# Setting up a Schema in Spark

### Introduction

Now in the last lesson, we were able to explore the dataset of civil complaints, but we did so with all of our data set to strings.  This will reduce our ability to explore, sort, and perform aggregations on our dataset.  In this lesson, we'll see how we can set the proper schema on a Spark dataframe.  

Let's get started.

### Getting Set Up (For Google Colab)

> If we are running this on google colab, we can run the following to eventually interact with our Spark UI.

* Begin by installing some pip packages and the java development kit.

In [None]:
!pip install pyspark --quiet
!pip install -U -q PyDrive --quiet 
!apt install openjdk-8-jdk-headless &> /dev/null

* Then set the java environmental variable

In [None]:
import os
os.environ["JAVA_HOME"] = "/usr/lib/jvm/java-8-openjdk-amd64"

* Then connect to a SparkSession, setting the spark ui port to `4050`.

In [None]:
from pyspark.sql import SparkSession

spark = SparkSession \
    .builder \
    .appName("civComplaints") \
    .config("spark.ui.port", "4050") \
    .getOrCreate()

* Then we need to install ngrok which will allow us to place our local spark ui on the web.

In [None]:
!wget https://bin.equinox.io/c/4VmDzA7iaHb/ngrok-stable-linux-amd64.zip &> /dev/null
!unzip ngrok-stable-linux-amd64.zip &> /dev/null
get_ipython().system_raw('./ngrok http 4050 &')

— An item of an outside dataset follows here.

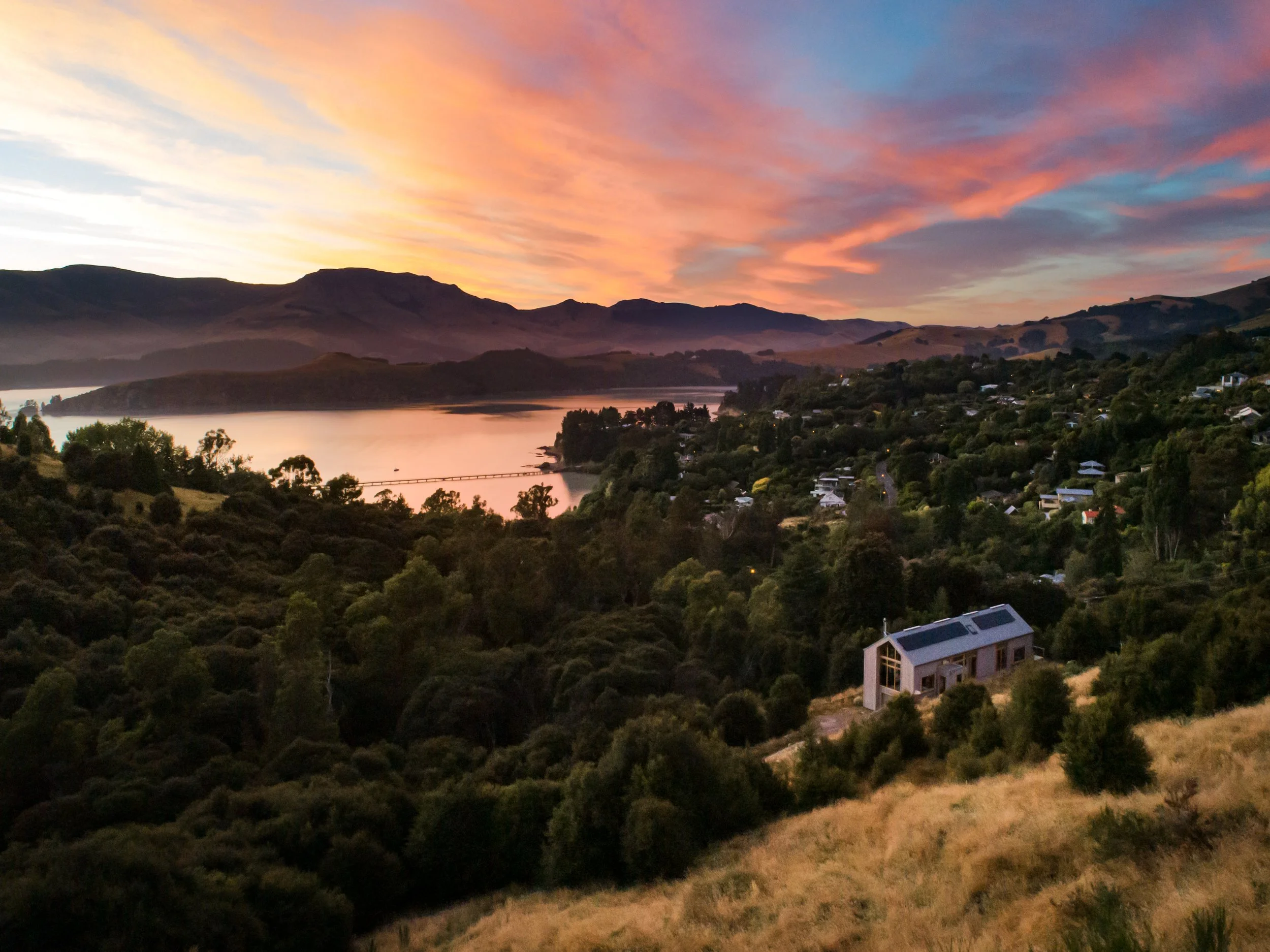 Aerial view of the timber Governors Bay house nestled in dense vegetation above Lyttelton Harbour at sunset.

* And finally we get a link our Spark UI

In [None]:
!curl -s http://localhost:4040/api/tunnels | python3 -c \
    "import sys, json; print(json.load(sys.stdin)['tunnels'][0]['public_url'])"

### Loading our Data

Then, let's read in the our csv data.

In [None]:
import pandas as pd

df = pd.read_csv('s3://jigsaw-labs/civ_complaints.csv').astype(str)

There are a lot of columns to this dataset, so let's set `vertical = True`. 

And then again, we'll create a spark dataframe.

In [None]:
complaints_df = spark.createDataFrame(df)

And then let's take a look at the schema.

In [None]:
complaints_df.printSchema()

root
 |-- Extract Run Date: string (nullable = true)
 |-- Randomized Id: string (nullable = true)
 |-- CCRB Received Year: string (nullable = true)
 |-- Days Between Incident Date and Received Date: string (nullable = true)
 |-- Case Type: string (nullable = true)
 |-- Complaint Received Place: string (nullable = true)
 |-- Complaint Received Mode: string (nullable = true)
 |-- Borough Of Incident: string (nullable = true)
 |-- Patrol Borough Of Incident: string (nullable = true)
 |-- Reason For Initial Contact: string (nullable = true)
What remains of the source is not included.